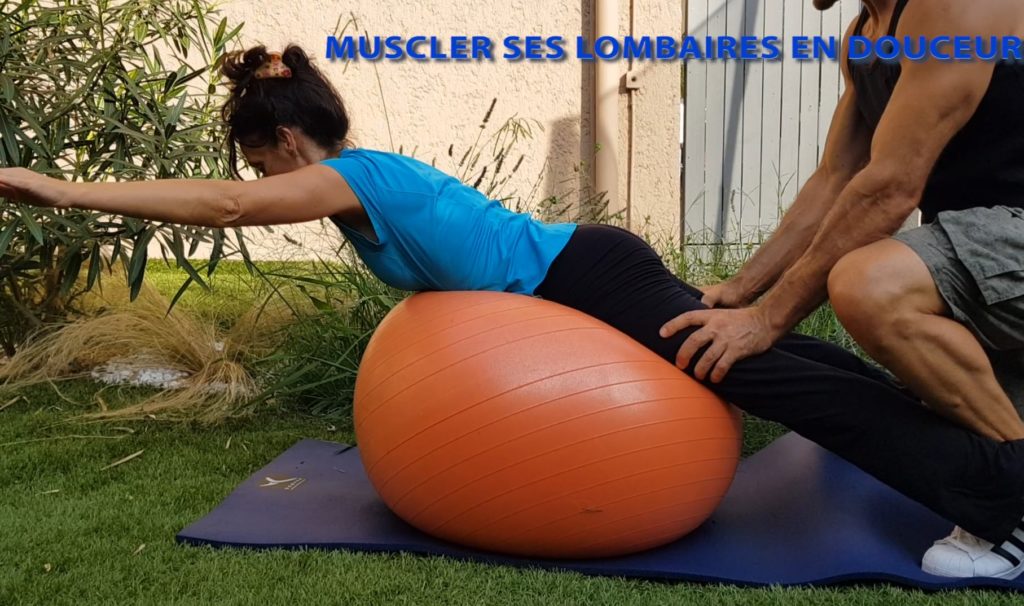 Exercice pour muscler le dos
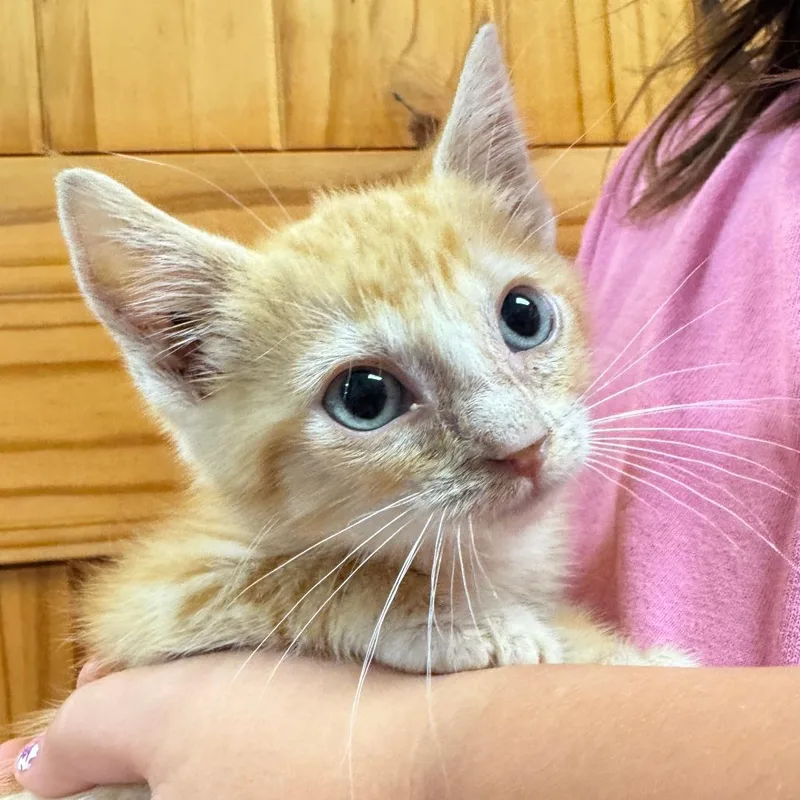 A baby small-sized male Orange / Red Domestic Short Hair cat named Echo for adoption in Waco, TX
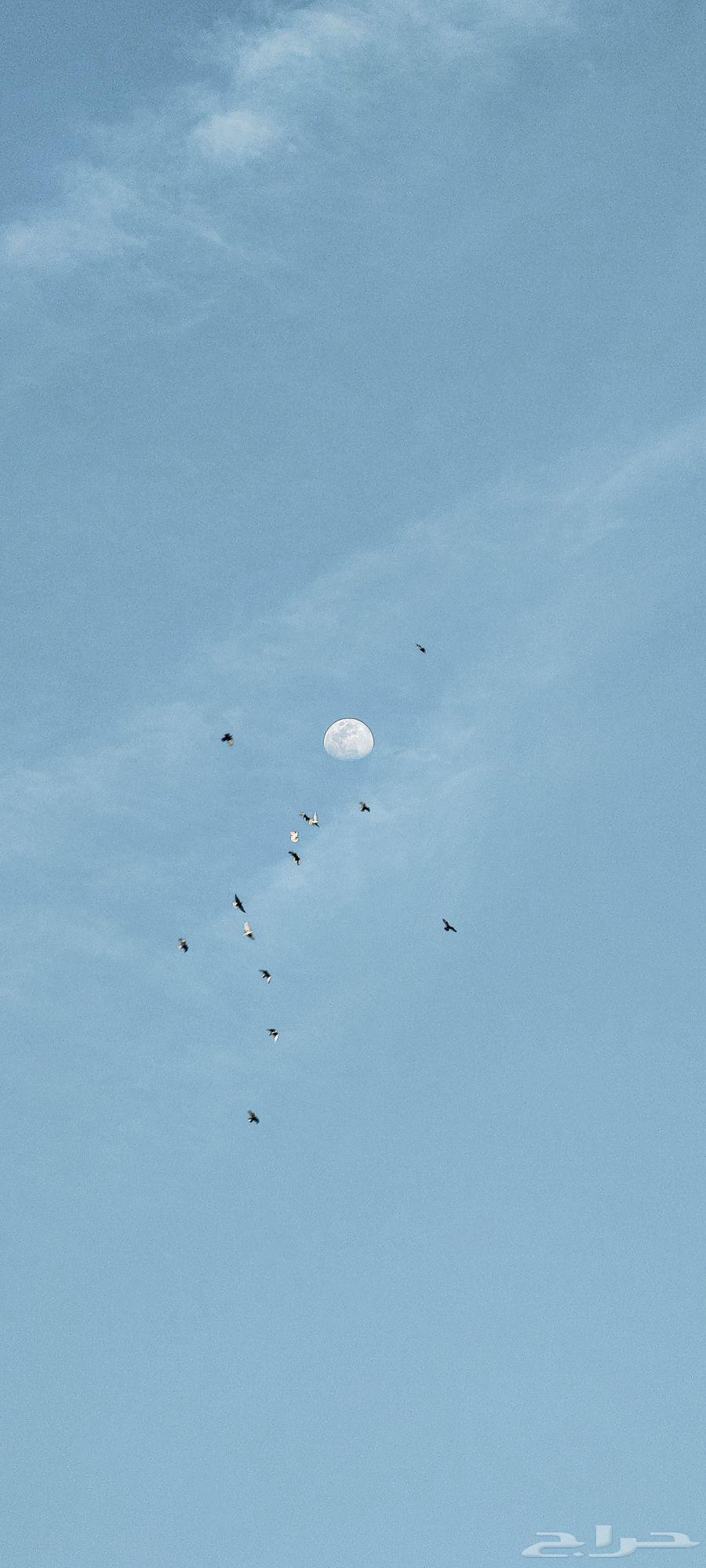 جوال شاومي 12 الترا اخضر زيتي نظيف مره64324198732547112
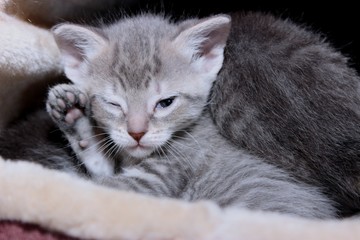 ADORABLE GRAY TABBY KITTEN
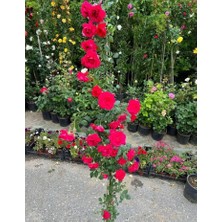 Sarmaşık Kırmızı Gül – Canlı Saksılı Tırmanıcı Gül Fidanı 80-160CM (Gösterişli / Bahçeye Uygun)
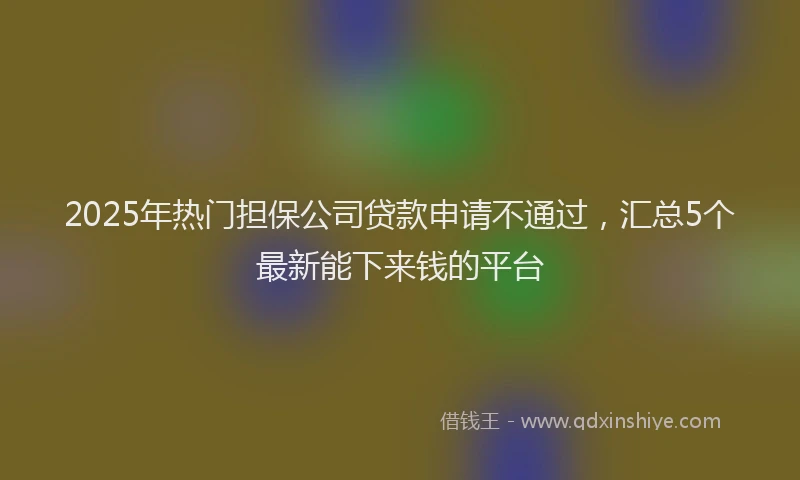 2025年热门担保公司贷款申请不通过，汇总5个最新能下来钱的平台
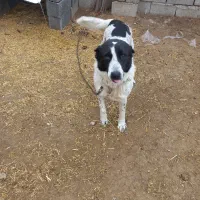 سگ گم شده|حیوانات|دورود, |دیوار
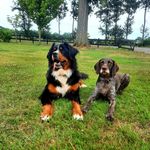 Profile Picture of Tini Stiller (@tinistiller) on Instagram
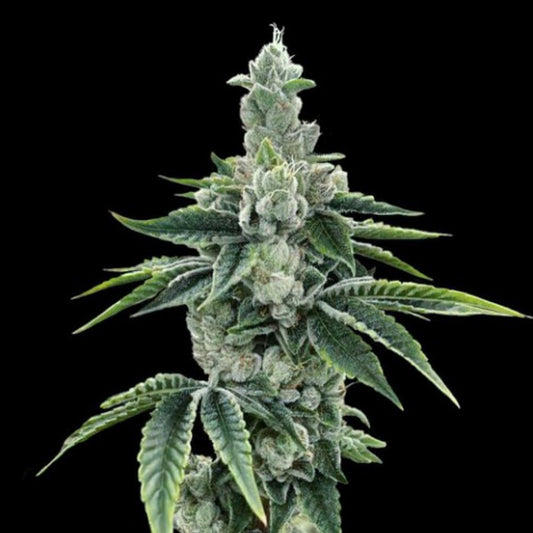 ReCon 2.0 -  3 u. fem. DNA Genetics
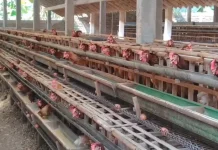 Peternak Ayam Petelur Lakukan Afkir Lebih Dini Antisipasi Kerugian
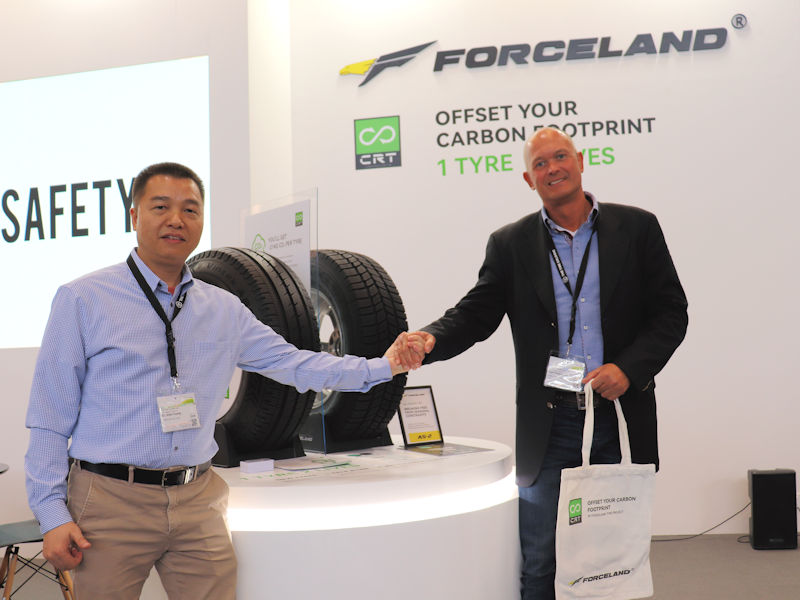 Forceland Hinghaus tb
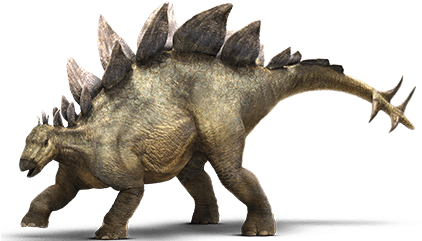 Stegosaurus - Stegosaurus Png (530x246), Png Download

● **Your assignment**:
Although the records contain pictures, the output must hold only their exact wording.

● **Result for this task**:
 Exercice pour muscler le dos
 A baby small-sized male Orange / Red Domestic Short Hair cat named Echo for adoption in Waco, TX
 جوال شاومي 12 الترا اخضر زيتي نظيف مره64324198732547112
 ADORABLE GRAY TABBY KITTEN
 Sarmaşık Kırmızı Gül – Canlı Saksılı Tırmanıcı Gül Fidanı 80-160CM (Gösterişli / Bahçeye Uygun)
 2025年热门担保公司贷款申请不通过，汇总5个最新能下来钱的平台
 سگ گم شده|حیوانات|دورود, |دیوار
 Profile Picture of Tini Stiller (@tinistiller) on Instagram
 ReCon 2.0 -  3 u. fem. DNA Genetics
 Peternak Ayam Petelur Lakukan Afkir Lebih Dini Antisipasi Kerugian
 Forceland Hinghaus tb
 Stegosaurus - Stegosaurus Png (530x246), Png Download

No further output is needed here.